Exercise details: Beginning with the line of the entries below that holds "Monsoon نحيف فستان" and ending with the line that holds "Water Blitz Pressure", transcribe each line exactly as written. Pictures stay out.

Available data:
#####

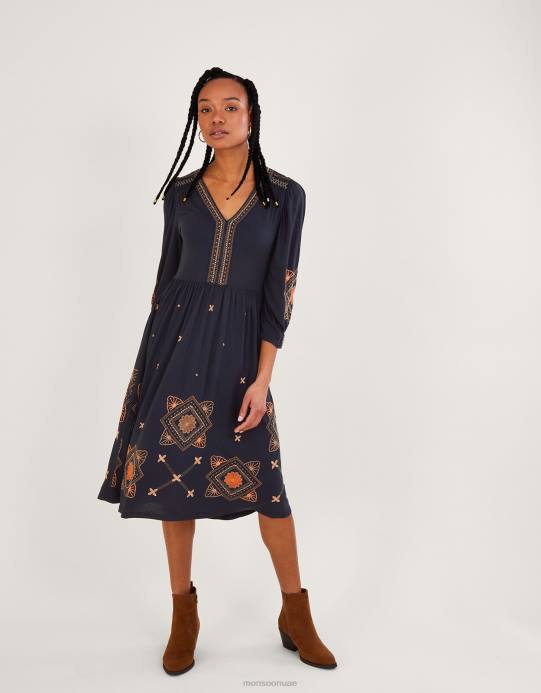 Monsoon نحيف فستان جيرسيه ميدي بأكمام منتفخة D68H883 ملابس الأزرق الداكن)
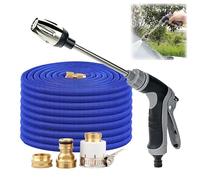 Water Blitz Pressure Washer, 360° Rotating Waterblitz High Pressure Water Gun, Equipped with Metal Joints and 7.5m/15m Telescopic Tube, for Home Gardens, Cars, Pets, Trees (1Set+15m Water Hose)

#####

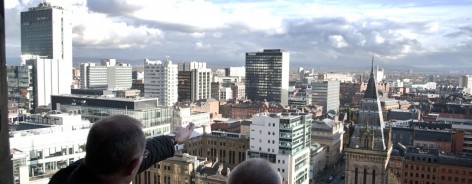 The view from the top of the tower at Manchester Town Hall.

#####

Solved exercise:
 Monsoon نحيف فستان جيرسيه ميدي بأكمام منتفخة D68H883 ملابس الأزرق الداكن)
 Water Blitz Pressure Washer, 360° Rotating Waterblitz High Pressure Water Gun, Equipped with Metal Joints and 7.5m/15m Telescopic Tube, for Home Gardens, Cars, Pets, Trees (1Set+15m Water Hose)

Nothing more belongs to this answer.